This exercise asks for the entries to be repeated exactly, without their images.

--- START ---

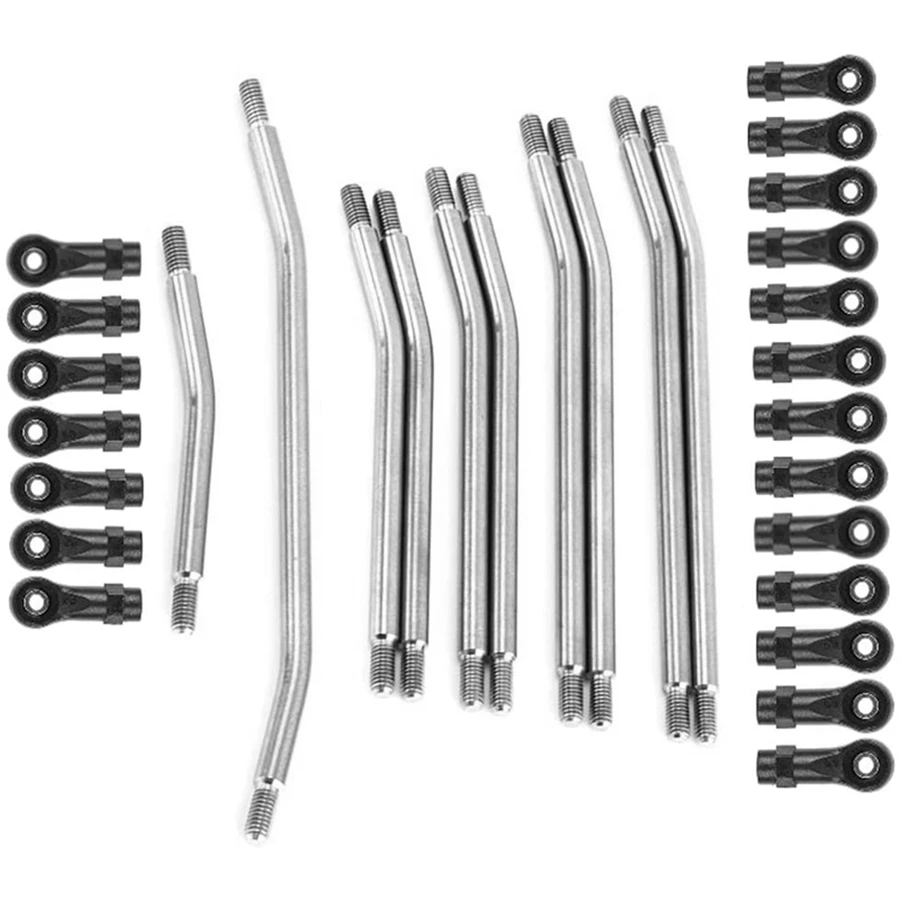 

10pcs Stainless Steel Steering Pull Rod Link Linkage 313mm Wheelbase for 1/10 RC Axial SCX10 II 90046 Crawler Car Upgrade Parts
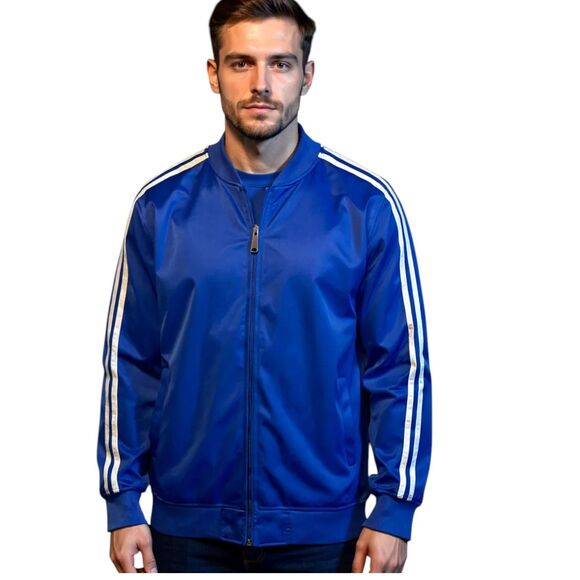 Linea Uomo LU Track Jacket Mens XL Blue 2 Stripes Dazzle Full Zip Run Activewear - Picture 1 of 12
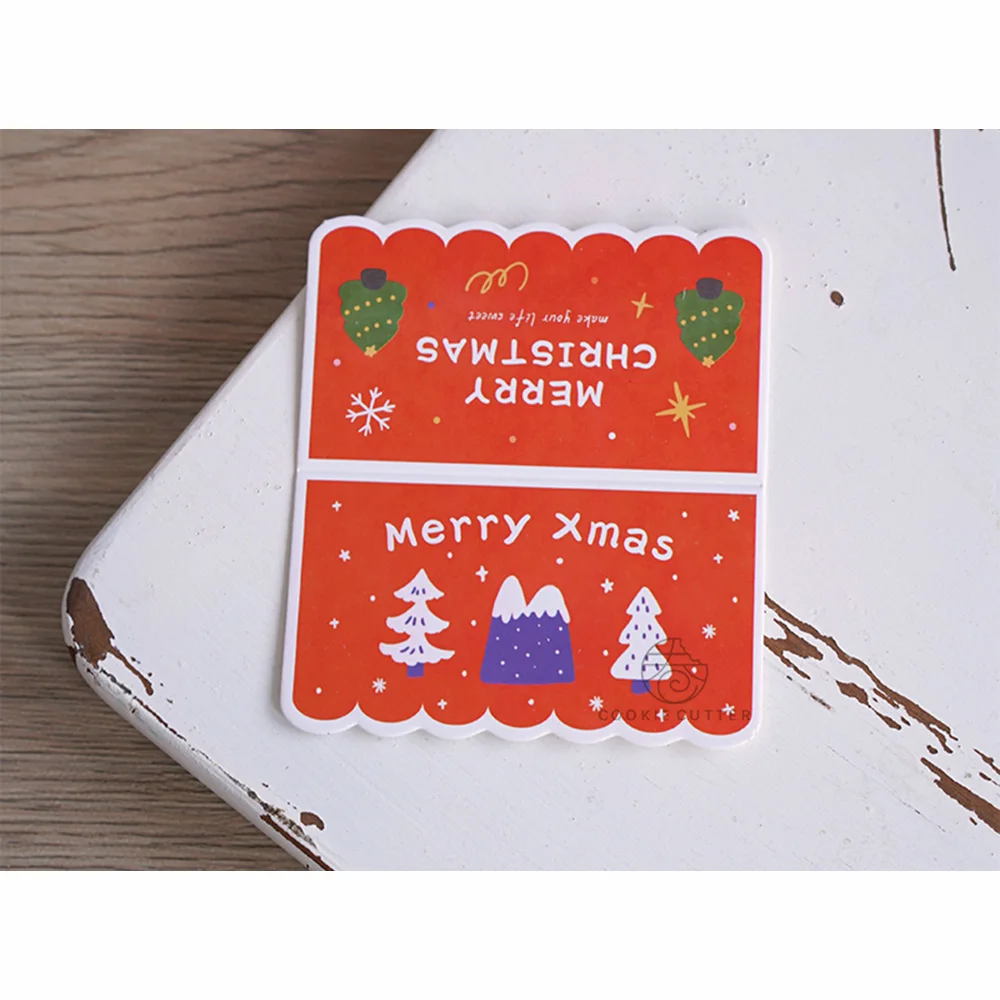 Christmas Decorative Cards Plaid Card Candy Bags For Nougat Cookie Gift Bag Biscuit Packaging Wedding Party Plastic Pouch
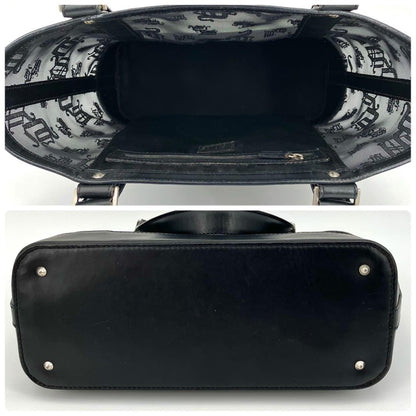 VERSACE Hand Bag Tote Purse Mesh Leather Black Authentic
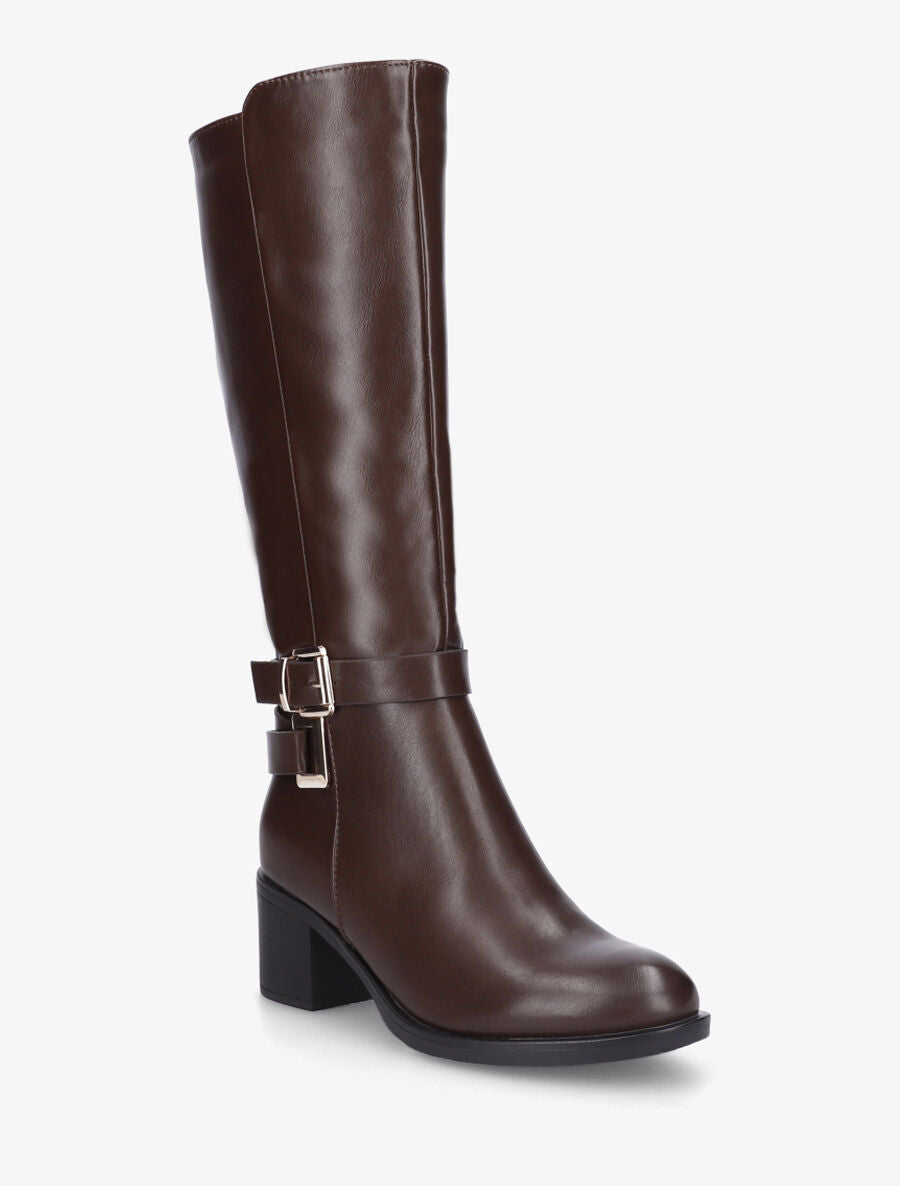 Bottes en simili sanglées à talon - Marron - 2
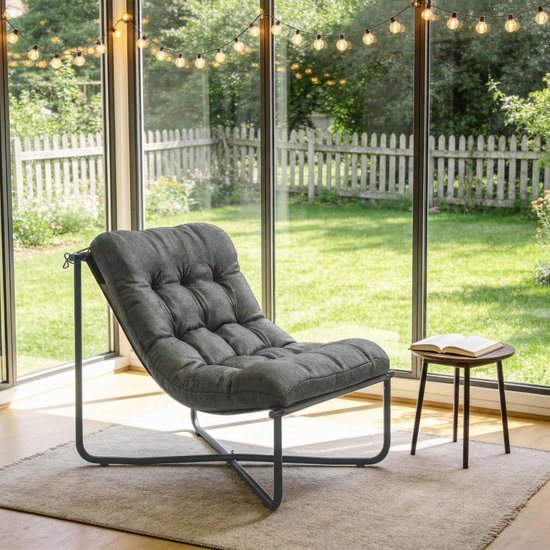 Pugsdrly Lounge stoel voor buiten Ergonomische tuinstoel met huidvriendelijk kussen Brede zitting Stalen frame Donkergrijs
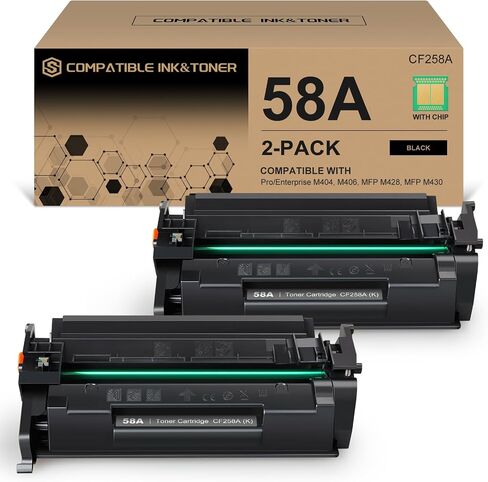 58A CF258A Toner Cartridge Black Compatible for HP 58A 2 Pack (with Chip) in Saudi Arabia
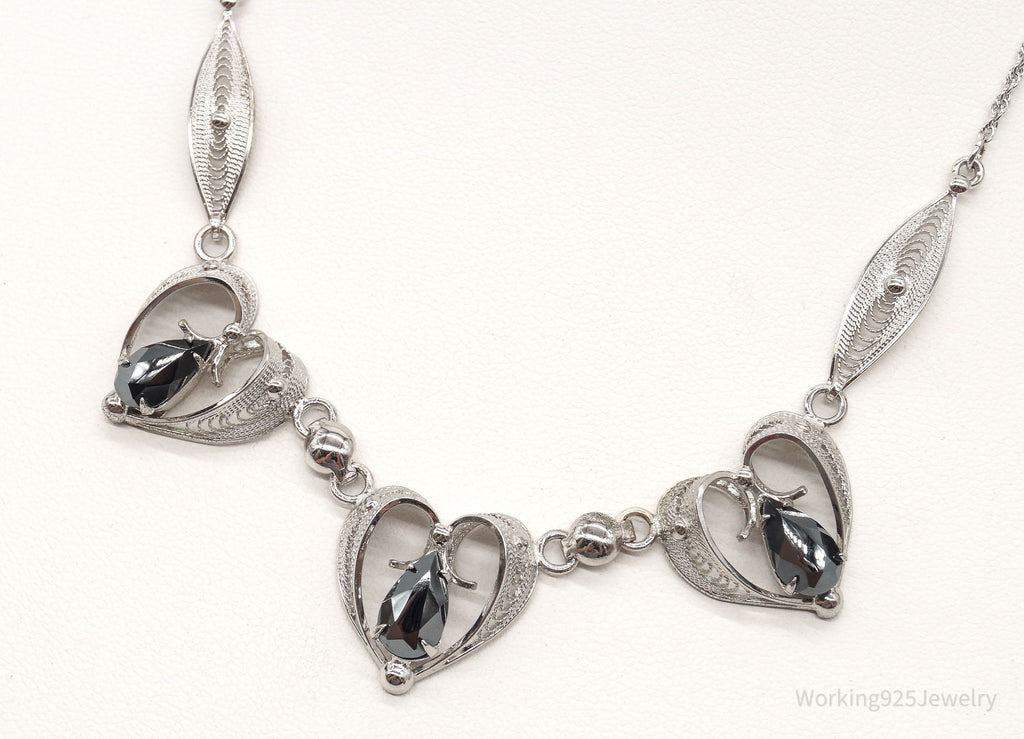 Vintage Designer Sorrento Hematite Filigree Hearts Sterling Silver Necklace | Jewelry > Necklaces > Pendants | Wiccan Center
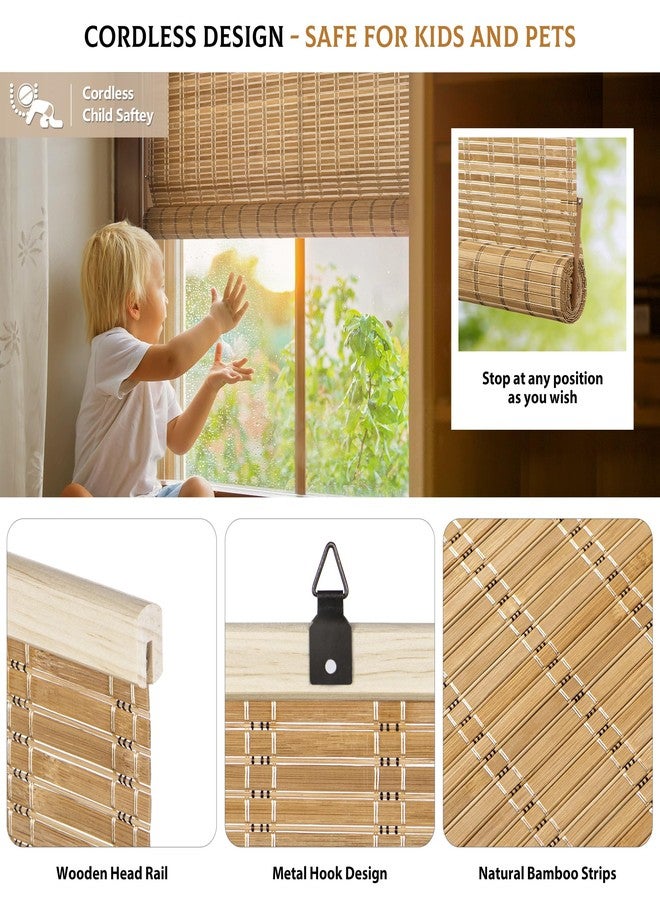 LazBlinds Cordless Bamboo Blinds, Roll Up Shades for Windows, Light Filtering Hanging Window Blinds, Bamboo Shades for Patio Indoor/Outdoor Porch, 35'' W x 72'' H, Brown206 - Image 2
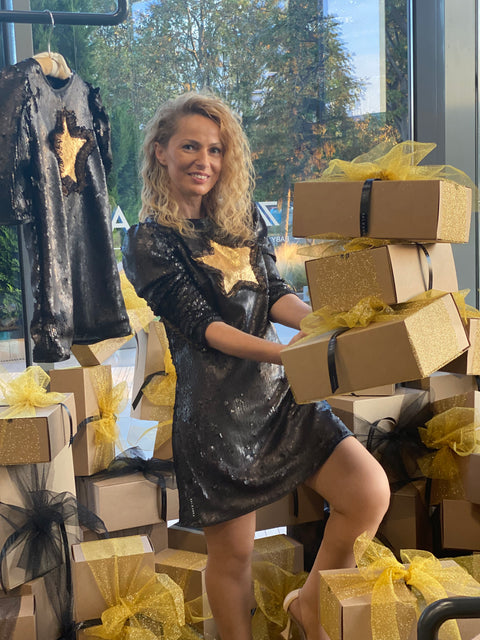 Starry Glow Black Sequin Dress with Gold Star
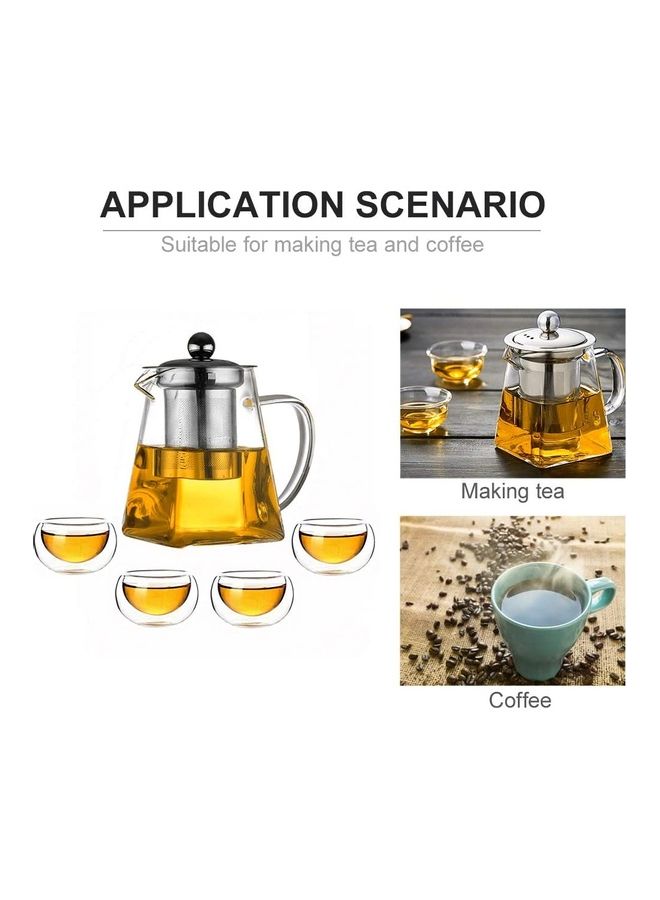 Heat Resistant Glass Tea Set Clear 800ml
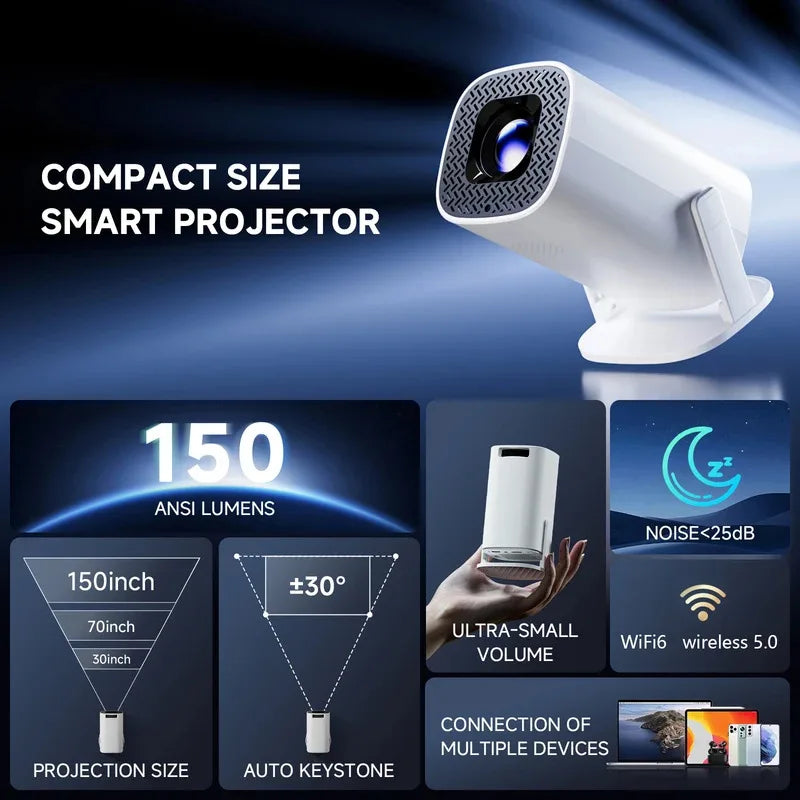 P30 Pro Portable Projector Android 14 Smart Mini Projector WiFi6 BT5.0 Home Theater Outdoor Portable 4K HD Projector 1280*720P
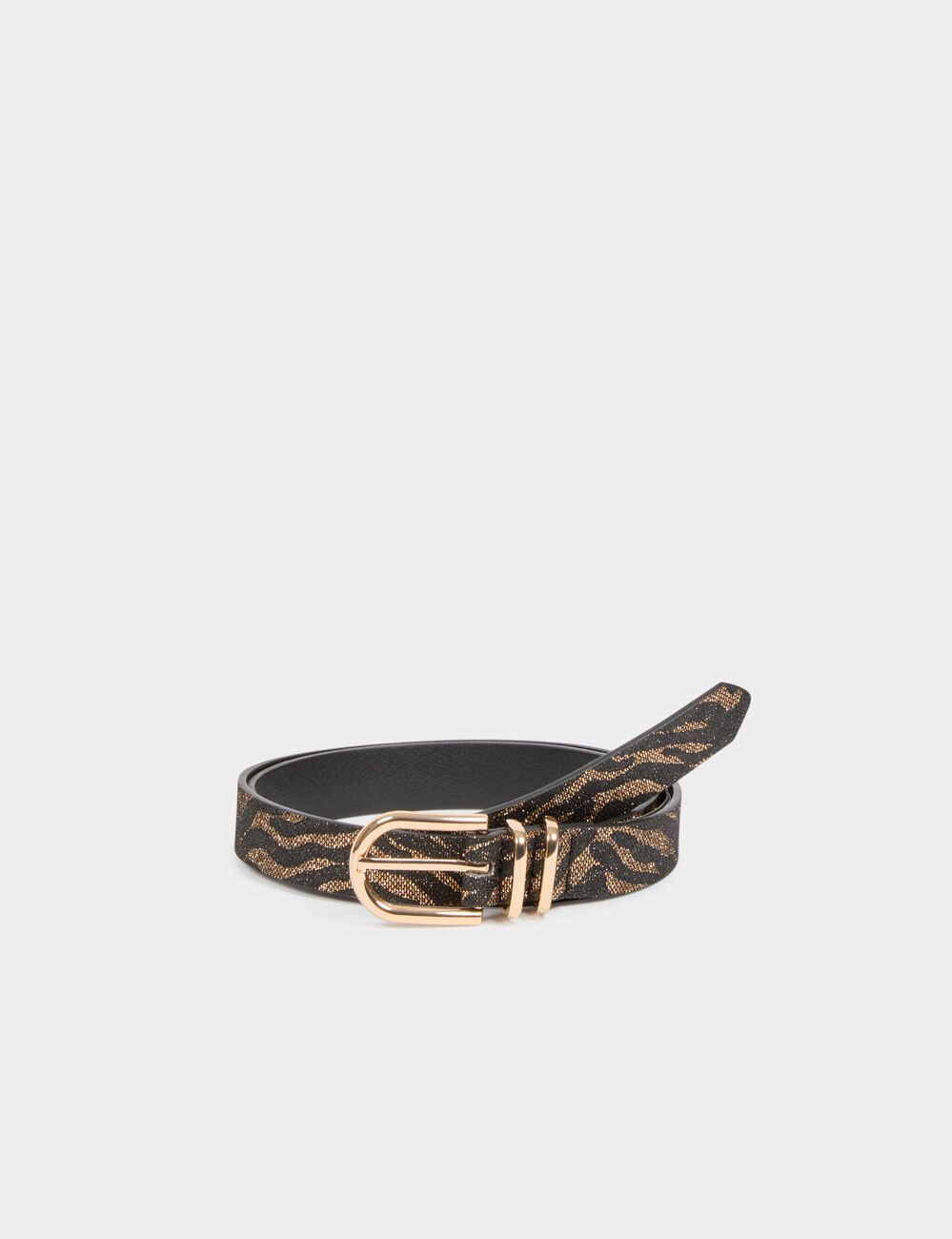 Zebra-print thin belt black women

--- END ---

### Task solution
10pcs Stainless Steel Steering Pull Rod Link Linkage 313mm Wheelbase for 1/10 RC Axial SCX10 II 90046 Crawler Car Upgrade Parts
 Linea Uomo LU Track Jacket Mens XL Blue 2 Stripes Dazzle Full Zip Run Activewear - Picture 1 of 12
 Christmas Decorative Cards Plaid Card Candy Bags For Nougat Cookie Gift Bag Biscuit Packaging Wedding Party Plastic Pouch
 VERSACE Hand Bag Tote Purse Mesh Leather Black Authentic
 Bottes en simili sanglées à talon - Marron - 2
 Pugsdrly Lounge stoel voor buiten Ergonomische tuinstoel met huidvriendelijk kussen Brede zitting Stalen frame Donkergrijs
 58A CF258A Toner Cartridge Black Compatible for HP 58A 2 Pack (with Chip) in Saudi Arabia
 Vintage Designer Sorrento Hematite Filigree Hearts Sterling Silver Necklace | Jewelry > Necklaces > Pendants | Wiccan Center
 LazBlinds Cordless Bamboo Blinds, Roll Up Shades for Windows, Light Filtering Hanging Window Blinds, Bamboo Shades for Patio Indoor/Outdoor Porch, 35'' W x 72'' H, Brown206 - Image 2
 Starry Glow Black Sequin Dress with Gold Star
 Heat Resistant Glass Tea Set Clear 800ml
 P30 Pro Portable Projector Android 14 Smart Mini Projector WiFi6 BT5.0 Home Theater Outdoor Portable 4K HD Projector 1280*720P
 Zebra-print thin belt black women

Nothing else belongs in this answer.